Trigger finger, also known as sclerosing tenosynovitis, is a condition of tendon irritation. Oftentimes patients complain of pain in their fingers or palm, and clicking or locking of their fingers as they try to make a fist and/or open up their hands.
Trigger finger is frequently caused by overuse of the hands, particularly where repetitive gripping or finger motion are involved. Typing, using a computer mouse, keying on a Blackberry, or grasping objects over and over again may cause the flexor tendons of the fingers to swell. Normally, the flexor tendons of the fingers pass through narrow tunnels, called pulleys, in the fingers. These tunnels exist for reasons of mechanical advantage. Naturally, the tolerances between tendon and tunnel wall are very tight. Thus, when swollen, the flexor tendons then get stuck while trying to slide through the pulleys.
You may experience symptoms such as a clicking sensation in a finger when trying to make a fist.

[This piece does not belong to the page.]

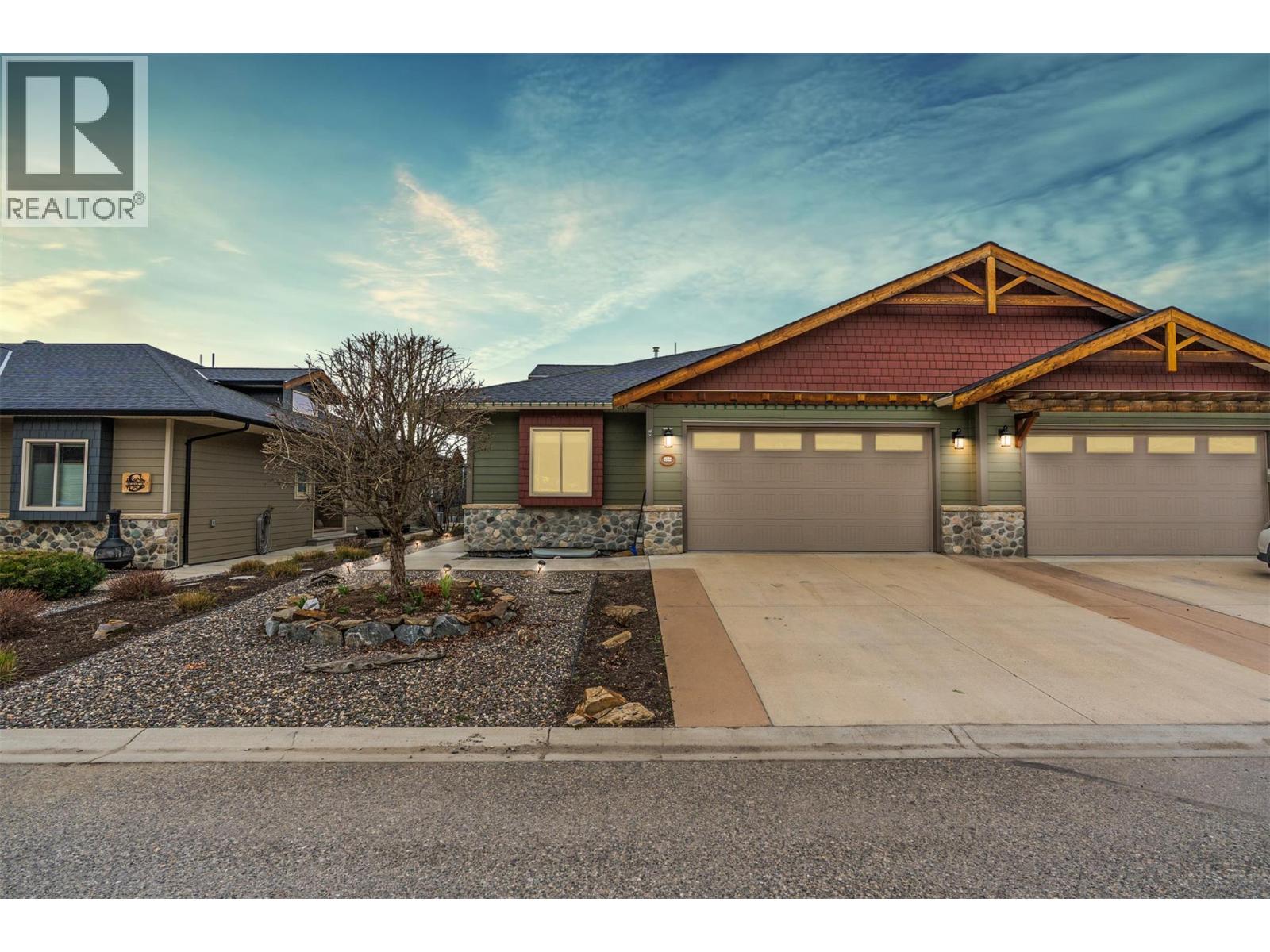 32 2444 York Avenue, Armstrong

Sometimes this is accompanied by pain, either in the palm where the finger joins the hand, or further out by in one of the small joints of the individual digit. In more advanced cases, a finger may “lock” in a flexed position, and require assistance to straighten back out.

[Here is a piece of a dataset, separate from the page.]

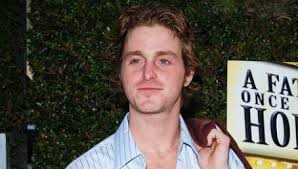 Who is Cameron Douglas dating? Cameron Douglas girlfriend, wife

Initial treatment involves steroid injections, which act as concentrated dosages of anti-inflammatory medicine delivered directly to the site of maximal tendon swelling in the palm/base of the finger. Sometimes more than one injection may be required. This is effective for about 70% of those afflicted with a trigger finger. For those cases where triggering persists despite a trial of steroid injections, a simple surgical release of the constrictive tendon sheath resolves the triggering permanently.